Wajda filma este conto lúgubre conseguindo um tom fascinante entre o do cinema clássico e um artificialismo assumido como tal, que nos lembra vários dos seus grandes momentos anteriores. Existe ali uma solenidade que nada tem de banal, pois incorpora de alguma maneira este olhar distanciado que a personagem parece jogar sobre o mundo, tentando encontrar algum espaço para o contato renovado com o que está à sua volta. Há uma quantidade grande de cenas onde o cineasta atinge um registro preciso para esta subjetividade, como no baile à beira do rio, na ida da personagem para o sexo com o seu marido, ou principalmente no momento que antecede o seu completo desfazer, de novo à beira do rio (e a imagem do rio é essencial para o filme, muito além da sua participação central na trama). Doce Perfume, se fosse apenas a filmagem desta história, seria um tremendo filme, e no fundo é isso que garante a sua força: a sobreposição de narrativas entra como um dado complicador e significativo, mas o material original se sustenta por si mesmo.

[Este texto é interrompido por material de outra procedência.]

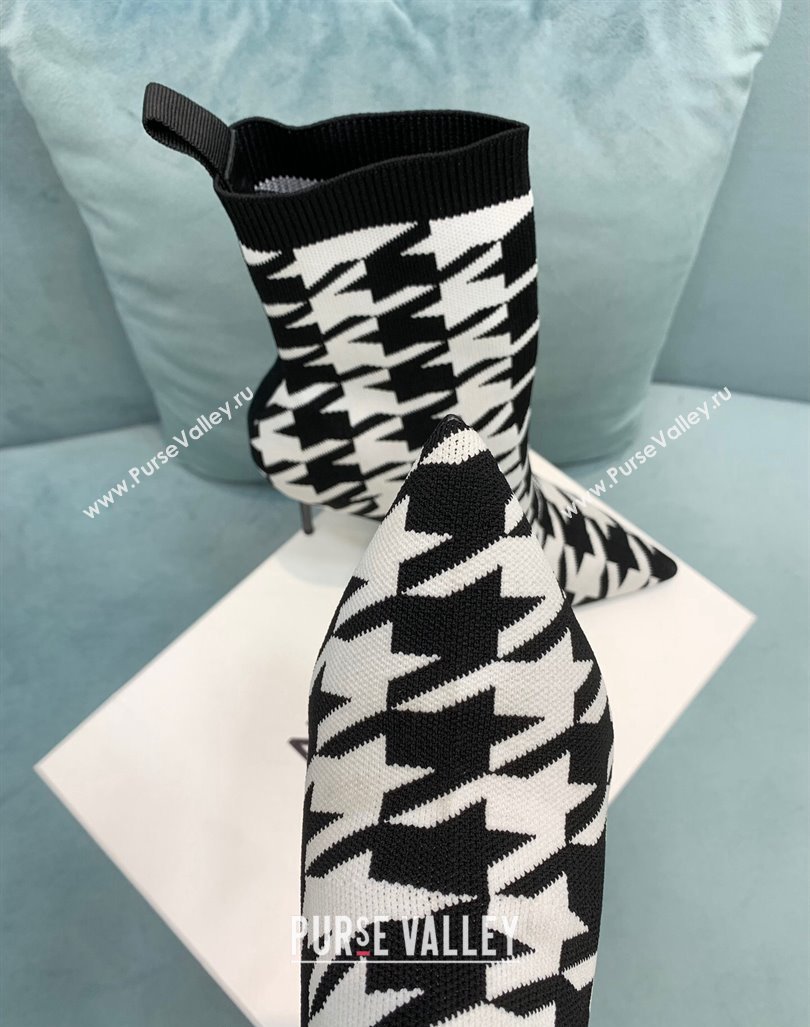 Balmain Stretch Knit Skye Ankle Boots 9.5cm with Monogram White/Black 1 2024 BM101002 (KER-241010106)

Claro que é impossível falar disso tudo e elogiar o filme sem passar por sua intérprete principal, Krystyna Janda. Rosto talvez pouco conhecido para o espectador brasileiro, a atriz possui uma carreira enorme na Polônia, inclusive com o próprio Wajda (Homem de Mármore, Sem Anestesia, etc), e é dona de uma das mais impressionantes interpretações femininas da história, no fortíssimo O Interrogatório. Janda aqui em Doce Perfume ultrapassa os limites de um trabalho de atriz, não só por incorporar sua história pessoal (e foi ela quem escreveu o monólogo que lê no quarto de hotel), mas principalmente pelo fato de que é no seu corpo e no seu rosto que se dá o sentido real do filme. Isso porque acompanhá-la em cena é também ver mais de 30 anos de história de cinema, e a maneira como sua personagem tenta enfrentar a morte não deixa de ser a luta do próprio filme e de todos os humanos contra o esquecimento e a arbitrariedade da existência. A verdade é que, em bem mais de um sentido, Doce Perfume nunca poderia existir com uma outra atriz à frente.